1. Originally preferred as a revision application before the Central Government, on transfer to this Tribunal the same is being treated as an appeal. This appeal is directed against the order dated 8th August, 1980 passed by the Appellate Collector of Customs, Bombay. By the said order the learned Appellate Collector upheld the order dated 14.3.1980 passed by the Assistant Collector of Customs under which he ordered enhancement of the c.i.f. price of the goods imported by the appellants from US $ 1150 to US $ 1250 per metric tonne.
2. At the outset the learned consultant for the appellants invited our attention to the order passed by the Assistant Collector. He pointed out that the order of the Assistant Collector states that the indent in the present case was placed in August, 1979 and thereafter has proceeded to compare the ruling price at the relevant time with the price of the imported goods. However, the indent of the appellants in the present case is dated 24.12.1979. According to Shri Krishnamurthy, the Assistant Collector has taken note of some other indent and not the indent of the appellants. Shri Krishnamurthy pointed out another peculiar feature of the order passed by the Assistant Collector. In the said order the Assistant Collector has observed "Since this is not a normal trade discount given to all the buyers, it cannot be allowed.
The discount in question being of a special nature, it is disallowed and the value enhanced." Shri Krishnamurthy pointed out that in the two invoices which covered two items of the bill of entry the prices quoted are net and there is no mention whatsoever of any trade discount having been shown. This according to Shri Krishnamurthy further supports his point that in all probability the Assistant Collector was referring to the record of some other case and not to the record of the appellants' case. Shri Krishnamurthy submitted that ex facie there are serious infirmities in the order passed by the Assistant Collector. As the findings of the Appellate Collector would have been arrived at with reference to the order of Assistant Collector, it could be safely assumed that the material placed before the Appellate Collector was also factually wrong. Shri Krishnamurthy, therefore, submitted that the order of the Assistant Collector as well as the Appellate Collector were not sustainable in Law. He sought suitable relief as prayed by the appellants.
3. On perusal of the record we find that submissions made by Shri Krishnamurthy are correct. The Assistant Collector's order refers to an indent placed in August, 1979 whereas the indent placed by the appellants is dated 24.12 1979. We also observe that the prices quoted in the invoices produced by the appellants along with the B/E show the net c.i.f. price; there is no mention of any discount having been allowed. We also observe that the Assistant Collector in his order has made a mention that the importer had met the Assistant Collector personally and showed all the correspondence in support of his case.
However, the Assistant Collector has not adverted to the nature of the correspondence which was shown to him and why such evidence was discarded by him.

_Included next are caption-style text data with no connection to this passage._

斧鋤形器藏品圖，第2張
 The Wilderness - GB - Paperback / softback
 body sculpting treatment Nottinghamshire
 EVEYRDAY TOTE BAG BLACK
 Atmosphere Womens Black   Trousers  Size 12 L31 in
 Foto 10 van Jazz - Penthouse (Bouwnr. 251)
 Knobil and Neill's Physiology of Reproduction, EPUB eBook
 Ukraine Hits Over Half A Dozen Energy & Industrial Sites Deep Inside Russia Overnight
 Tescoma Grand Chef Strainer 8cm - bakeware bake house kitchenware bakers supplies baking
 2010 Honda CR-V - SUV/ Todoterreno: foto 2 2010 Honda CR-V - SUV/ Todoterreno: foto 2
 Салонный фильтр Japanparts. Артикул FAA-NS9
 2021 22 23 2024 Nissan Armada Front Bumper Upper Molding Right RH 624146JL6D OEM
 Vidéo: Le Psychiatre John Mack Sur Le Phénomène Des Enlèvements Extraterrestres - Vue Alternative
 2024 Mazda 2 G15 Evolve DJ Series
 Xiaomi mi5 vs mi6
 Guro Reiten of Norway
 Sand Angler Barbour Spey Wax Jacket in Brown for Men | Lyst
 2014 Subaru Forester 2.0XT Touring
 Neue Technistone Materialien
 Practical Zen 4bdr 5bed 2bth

More importantly, no cogent ground has been advanced by the Assistant Collector to justify his decision to enhance the assessable value of the goods from USS 1150 to USS 1250 per metric tonne. All the above mentioned infirmities are of a serious nature and show a lack of proper application of mind to such an important matter on the part of the lower authorities. We have, therefore, no hesitation to set aside order dated 14.3.1980 passed by the Assistant Collector and order dated 8.8.1980 passed by the Appellate Collector of Customs, Bombay, confirming the aforesaid order of the Assistant Collector. In the result, the appeal is allowed and the matter is remanded to the Assistant Collector for de novo adjudication. The Assistant Collector will afford opportunity to the appellants to produce all available material in support of their claim. Likewise, it will be open to the lower authorities to rely on contemporaneous documentary material or such other evidence that may be in their possession and relevant to the present case.
4. As it is an old matter it should be disposed on a high priority basis.